The buzz generated online at momentous junctures, such as the uprisings in the Arab world, is certainly more than mere static.

[...] The nature and scope of the agency of the social media in the Arab Spring are, given the continuing flux in the region, a developing story. But the reading in Western capitals that this leavening of aspirations across the region, leveraged by cutting-edge digital media, is ipso facto a popular demand for the Western liberal democratic model is proving premature and misplaced, with Islamist parties best placed to win the elections marking regime change in each country. The medium is clearly not the message in this case. Are the assorted social media manufacturing a public sphere, or people-hood, that cuts across the traditional categories of the ummah (or Islamic nationhood) or the millet (for the minorities) or that challenges the assabiyah (tribal or clan affiliation) factor even while upholding the sharia as the ultimate arbiter?

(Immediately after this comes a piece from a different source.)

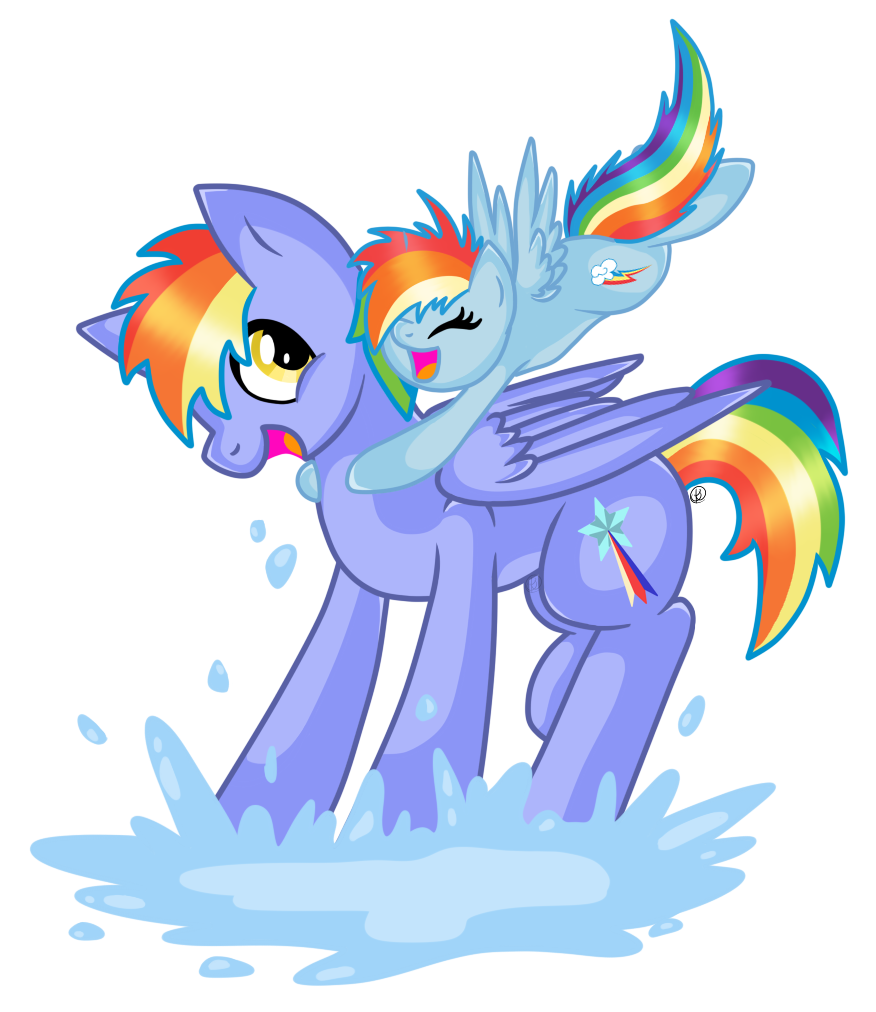 Rainbow Dash and Daddy Dash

The distinction between liberalism, with its emphasis on individual liberty, human rights and the rule of law, and democracy, understood as combining the principles of equality, majoritarian rule and sovereignty of the people, may make a difference to that question. The rhetoric of the social media has, typically, been stridently Western liberal and impatient with the deliberative representative process organic to the political ethos of the Arab states. The street scuffles breaking out in Egypt and Tunisia between the Islamists, who probably see themselves as the democratic heirs of the Arab Spring, and the freer-wheeling protesters – many of them poster boys and girls of the social media – who are wary of a “counter-revolution” by the remnants of the old regime in league with the Islamists, keep the margins of the movement, even where it has been successful so far, restless. The social media, as is their wont, flock to the dizzy fringes of the movement and root for dramatic and drastic changes. In the process, they may well be getting ahead of themselves and not helping the transition they have helped usher in crystallise.